[cpp-threads] Web site updated

Tue Feb 13 02:29:30 GMT 2007

On Tue, Feb 13, 2007 at 01:36:07AM -0000, Boehm, Hans wrote:
> > From:  Paul E. McKenney
> Thanks for the comments.
> > 
> > > In particular, I finally added the promised rationale 
> > documents under 
> > > the seventh bullet:
> > > 
> > 
> > >     * Why do we not guarantee that dependencies enforce 
> > memory ordering?
> > 
> > In the suggestion at the end of the document, wouldn't it be 
> > reasonable to disallow application of profiling-based 
> > optimizations to quantities that derive from load_raw()?  
> > Should be a matter of tagging, correct?
> > This might well force a global view during profile-based 
> > optimizations, but such a global view might well enable much 
> > more powerful optimizations.
> I suspect that's still hard, though we probably want to discuss this.
> Consider
> inside f(x,y,z):
> 
> r2 = *x;
> r3 = r2 -> a;
> 
> transformed to
> 
> r2 = *x;
> r3 = r1 -> a;
> if (r1 != r2) r3 = r2 -> a;
> 
> as before, but without the load_raw.  This is fine unless I call it as
> 
> tmp = x.load_raw(); f(&tmp, y, z);

But in this case, the value of x would be the address of the temporary,
-not- of the shared variable x.  Therefore, the comparison should not
be a problem.

Now, if the structure pointed to by x is shared and is subject to
concurrent modification by other CPUs, then f() has to be written to
handle that, just as in (say) Java.  But both versions of the above code
snippet from f() would be potentially unsafe in this case.

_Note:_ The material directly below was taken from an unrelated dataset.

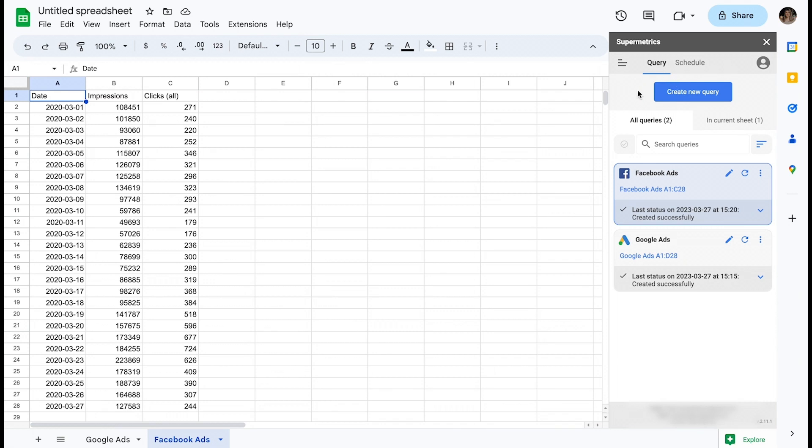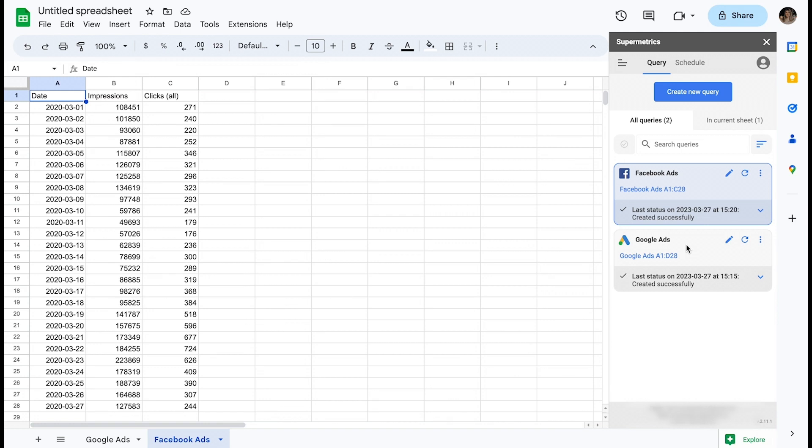This is where all queries in the workbook are listed and you can see several examples on screen. If you are starting with a fresh workbook, this list will be empty. The Query tab is where you can create and modify queries. I'll cover this in depth shortly.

> I think you're arguing that I would need the whole program available
> before I optimize f(), so that I can detect such cases.  But what if f()
> is in a dynamic library that I don't have source to, and that is
> optimized by the vendor? 

Unless I am missing something, the above example doesn't cause a problem.
(At least not a problem not already present in the original unoptimized
code.)

Given some other example that did cause a problem, such vendors would
have optimized themselves out of the multi-core market.

> > Now, about a store_raw() -- you guys OK with this, for 
> > example, for split per-thread counters?  No implicit barriers 
> > or additional dependency checking, and no atomics except as 
> > needed by complex or unaligned data items.
>
> This still operates on data declared as atomic, but otherwise, yes.
> That should be fine.

Good!

> There is currently no statement in the specification to ensure that
> "raw" atomic accesses become visible elsewhere "promptly", for example
> that read accesses should not be cached in a register.  I expect it
> would be hard to define that precisely, but it may be good to add a note
> to that effect in the documentation for the atomics library.

>From the load_raw() side, my hope would be that the compiler would be
required to "forget" where the value came from, thus being unable to
recognize that the following:

	x = a.load_raw();
	y = a.load_raw();

might be cached -- in other words, there must be a separate load from "a"
for both x and y.  Or am I missing your point?

>From the store_raw() side, a similar "forgetfulness" rule should prevent
the store combining that the optimizer might otherwise be tempted to engage
in.  We certainly would not want the compiler to slide a store_raw()
past a long (or worse, infinite) loop.  Would it be reasonable to use
some of the rules that are often used for volatile?

							Thanx, Paul

> > Then explicit memory barriers, though not necessarily as a 
> > replacement for those that you are proposing in atomic accesses.
> > 
> > >     * Why do our ordering constraints not distinguish between loads 
> > > and stores, when many architectures provide fences that do?
> > 
> > This example certainly underscores my estimate of the value 
> > of hardware-enforced ordering based on data dependency.  This 
> > leaves Alpha, which does not enforce such ordering.  However, 
> > it also ends up being OK with this example, but by accident, 
> > because it has no memory barrier that orders only loads.  Any 
> > attempt to order only loads on Alpha gets you the full memory barrier.
> > 
> > Cute example, though!
> > 
> > 						Thanx, Paul
> > 
> > > Hans